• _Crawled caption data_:
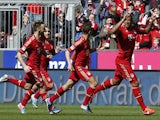 Bayern Munich's Jerome Boateng celebrates scoring against FC Nuremberg on April 13, 2013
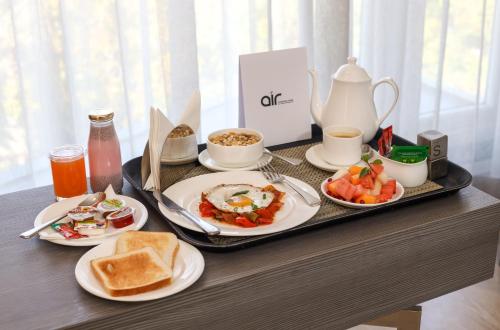 a tray of breakfast foods on a table at AIR by Ahuja Residences in Gurgaon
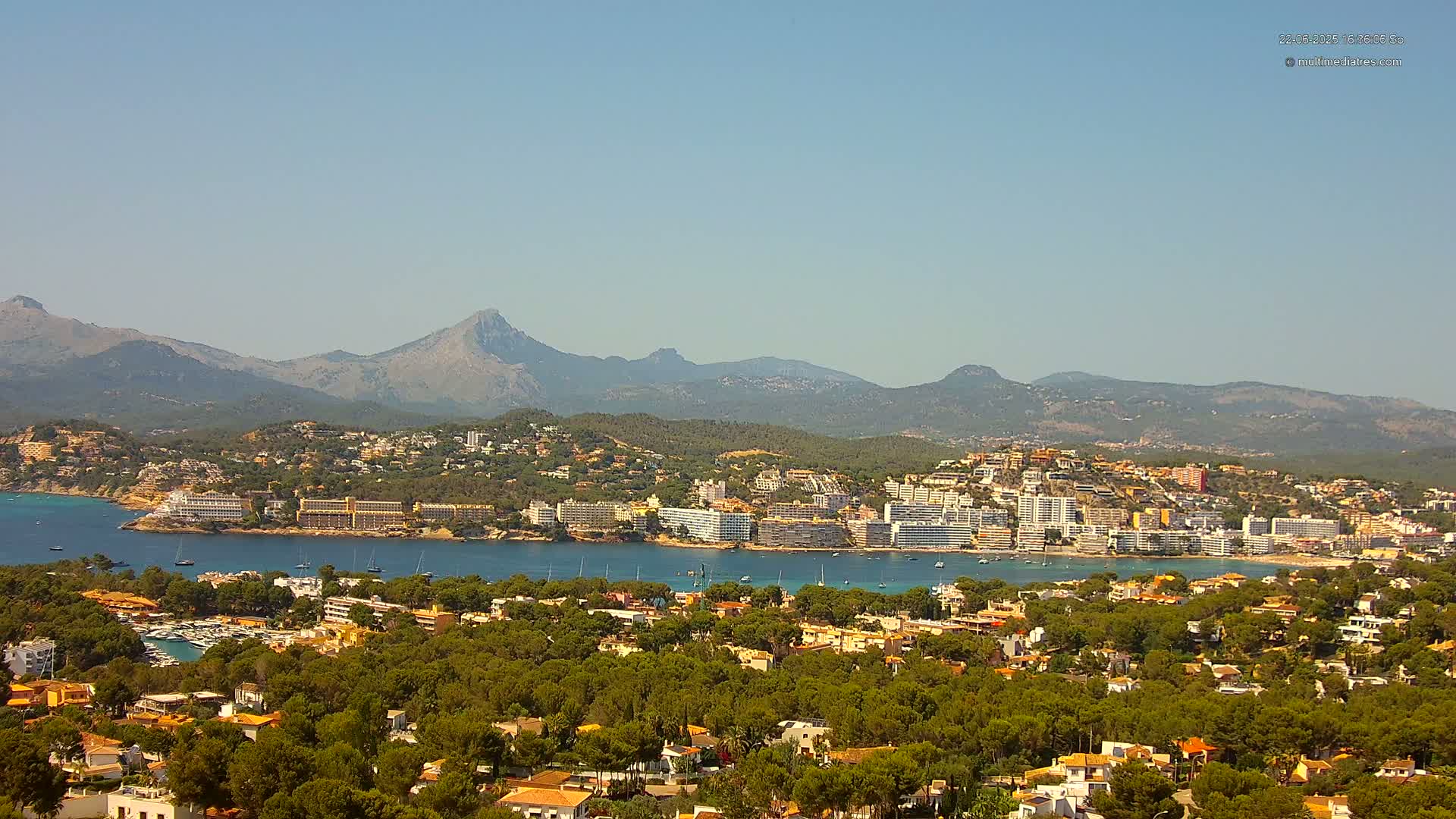 A coastal town nestled amongst green hills and mountains under a clear blue sky, with a calm body of water separating the town from a mountainous backdrop.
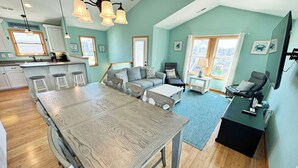 A spacious living area with a large wooden dining table, a gray sofa, and a black armchair. There is a kitchen area with a bar counter and stools, and a large window providing natural light. - KD300- Walk to Beach, Heated Saltwater Pool, Hot Tub (Kill Devil Hills)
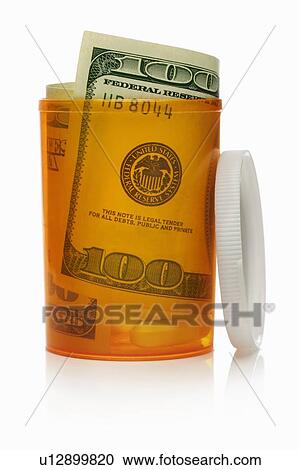 Close up of U. S. dollars in pill bottle View Large Photo Image Stock Image - Close up of U. S. dollars in pill bottle. Fotosearch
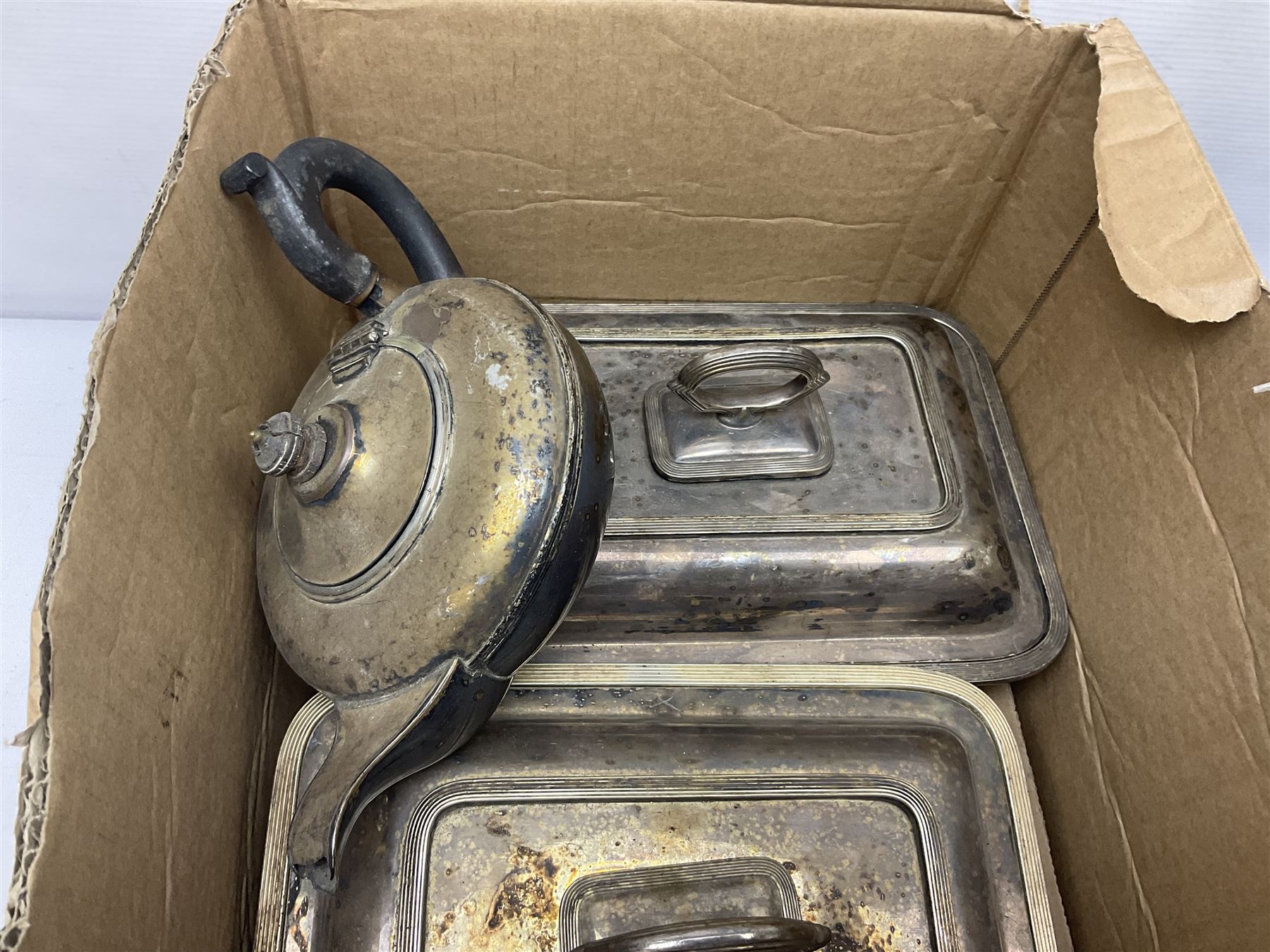 Silver mounted hand mirror and glass vanity bottles/jars with silver caps, all hallmarked, together with silver plated teapot, serving dishes and glass hip flask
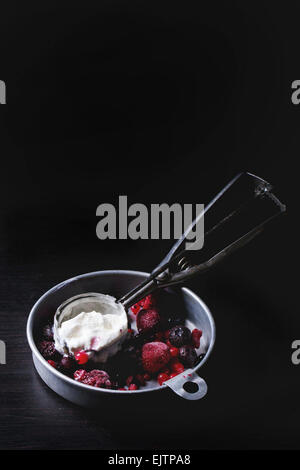 Aluminium-Platte mit Vanille-Eis und gefrorenen Beeren-Mix mit Metalllöffel über schwarzen Tisch serviert Stockfoto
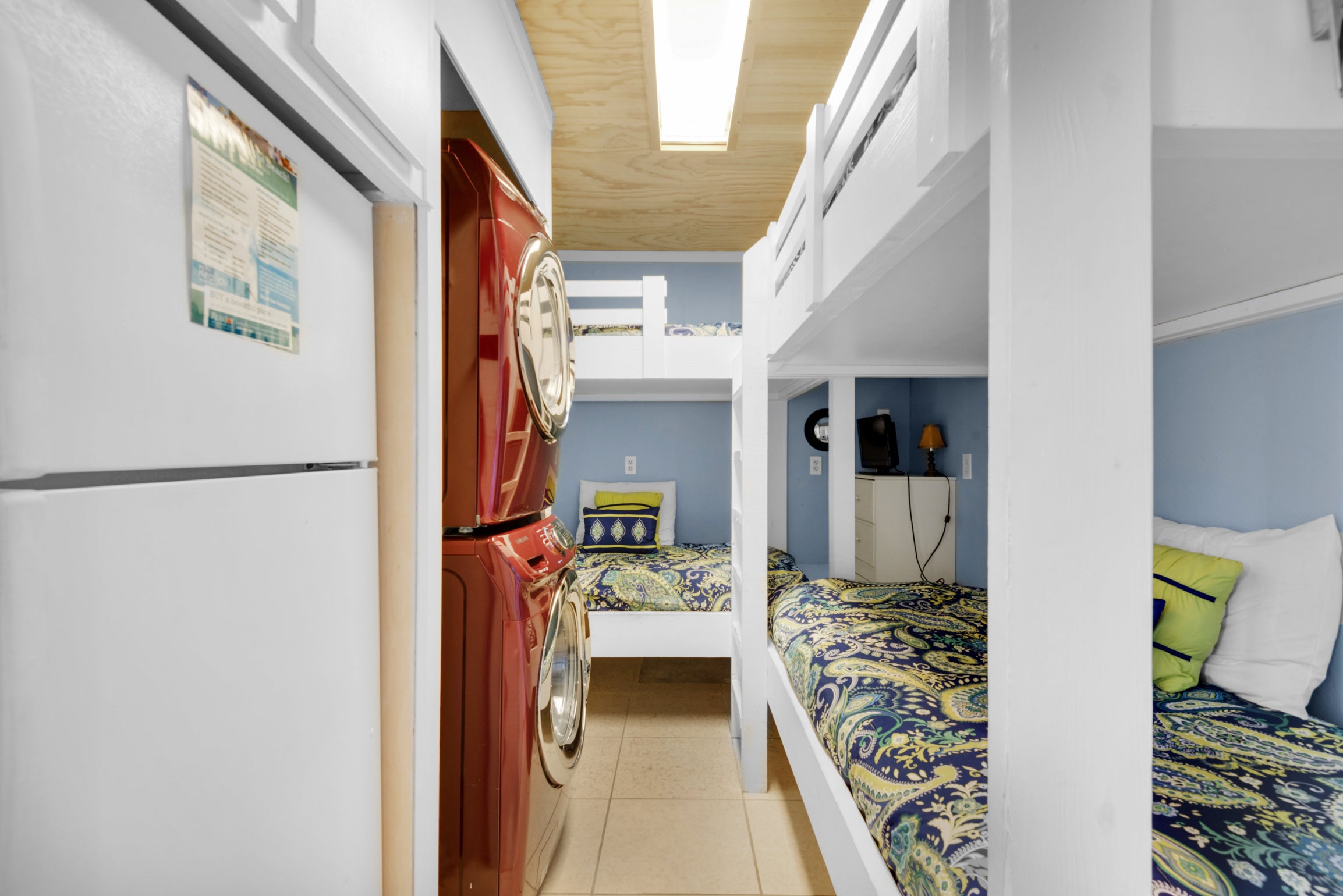 Bunk room with washer and dryer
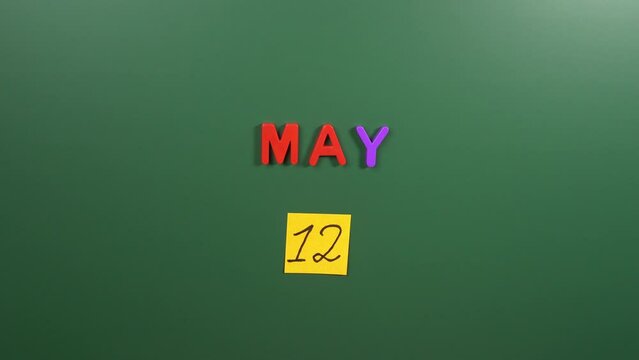 Hand sticking a sticker 12 May calendar day on school board. 12 date of May. Twelfth day of May. 12th date number. 12 day calendar. Twelve date. World Fibromyalgia Awareness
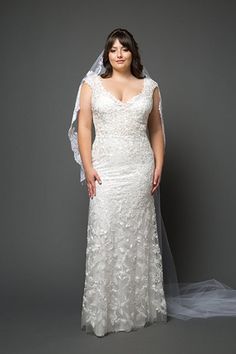 a woman in a wedding dress with a veil on her head standing against a gray background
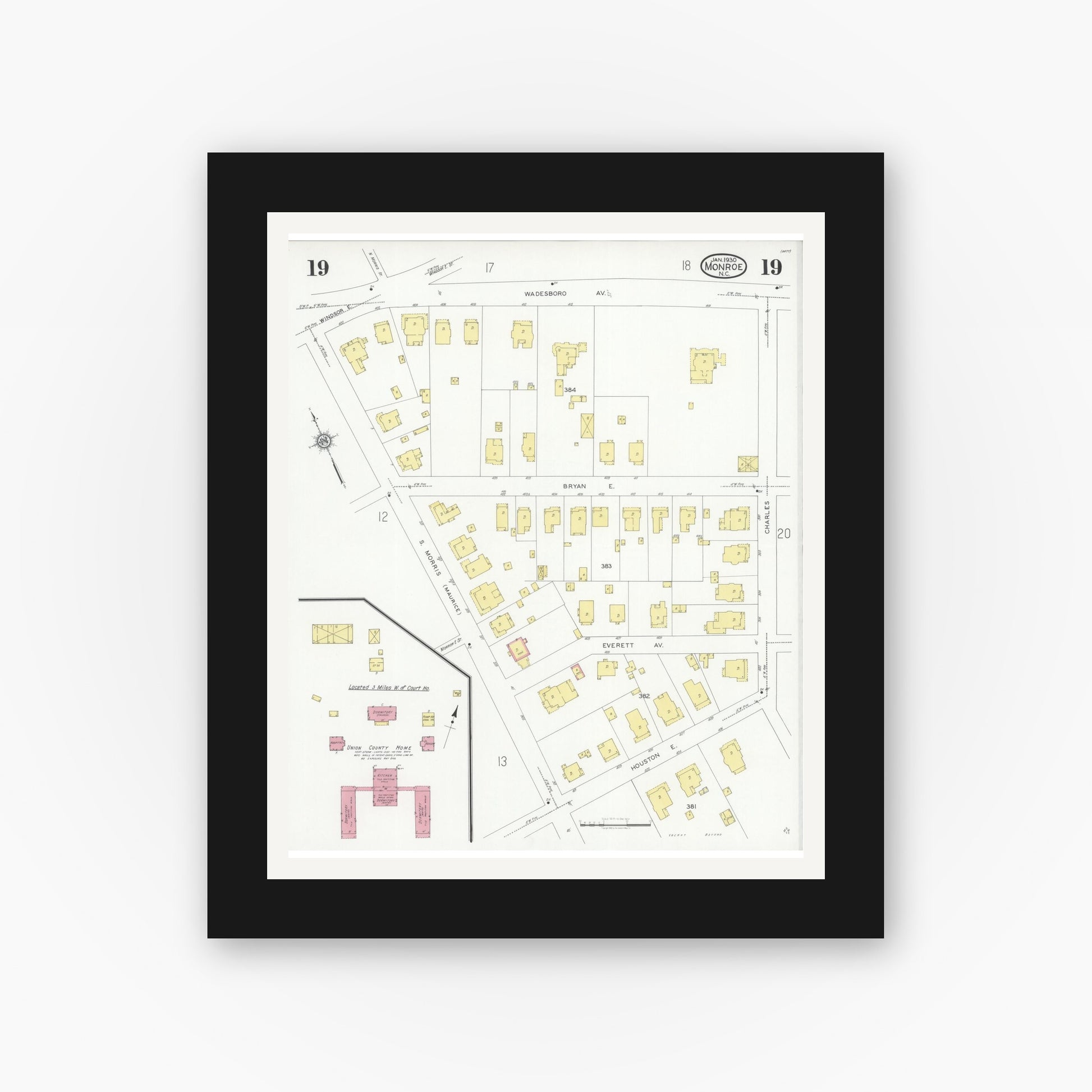 Old map wall art mockup — black gallery frame with white mat — Sanborn Fire Insurance Map from Monroe, Union County, North Carolina (1930), Sheet #0019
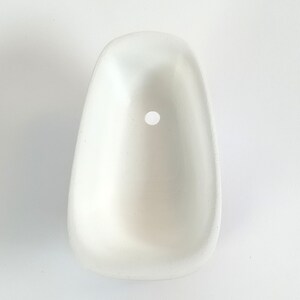 May include: White ceramic bathtub with a round drain hole. The bathtub is small and appears to be a miniature version of a real bathtub.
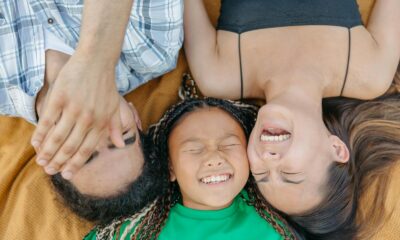 A joyful family bonding moment with parents and daughter laughing while lying on a blanket outdoors.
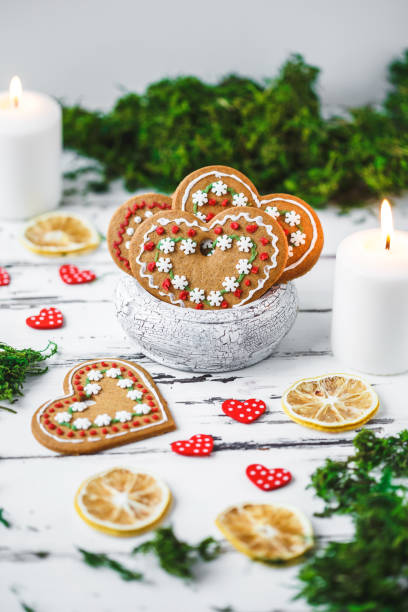 Gingerbread Cookies hearts in a cup, two candles on a white wooden background Valentines day concept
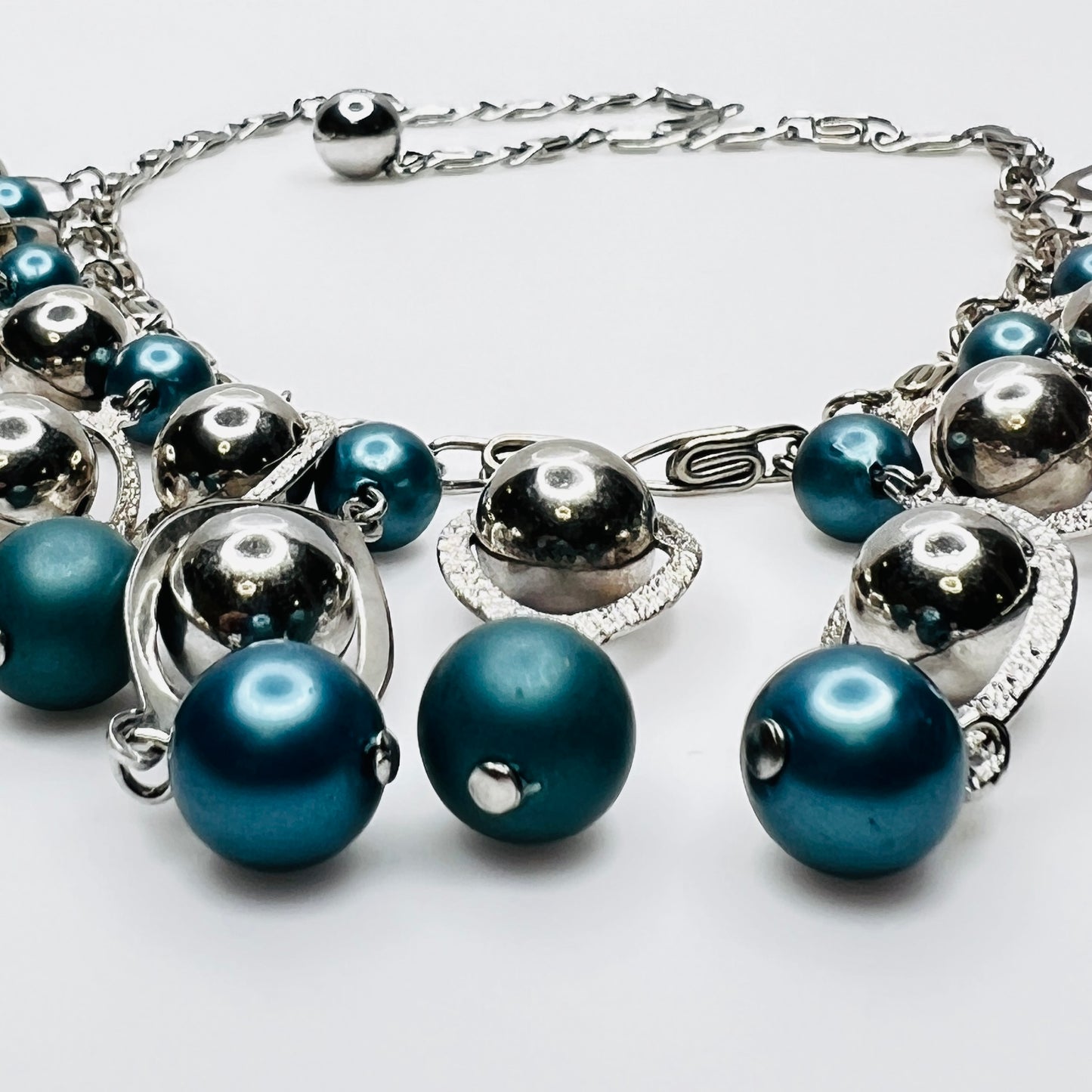 Close-up of silver marquise frames and faux pearl bead detail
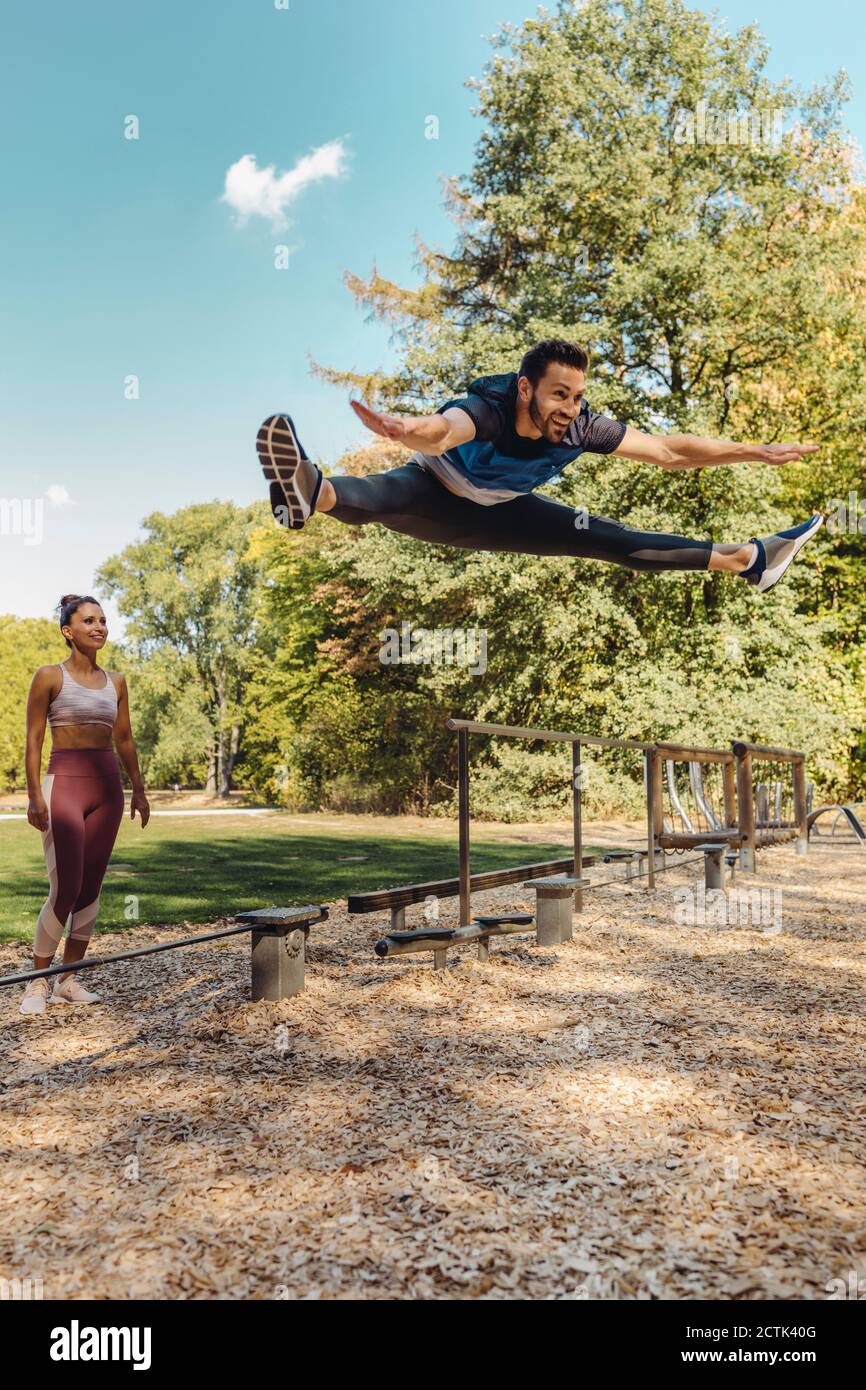 Mann springt mitten in der Luft auf einem Fitness-Parcours Stockfoto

• _The problem_: Above are records with pictures. Reproduce exactly only the lines from the line with "Old map wall" through the line with "Close-up of silver", both ends included, and leave the pictures out.

• _Your response_:
 Old map wall art mockup — black gallery frame with white mat — Sanborn Fire Insurance Map from Monroe, Union County, North Carolina (1930), Sheet #0019
 May include: White ceramic bathtub with a round drain hole. The bathtub is small and appears to be a miniature version of a real bathtub.
 A joyful family bonding moment with parents and daughter laughing while lying on a blanket outdoors.
 Gingerbread Cookies hearts in a cup, two candles on a white wooden background Valentines day concept
 Close-up of silver marquise frames and faux pearl bead detail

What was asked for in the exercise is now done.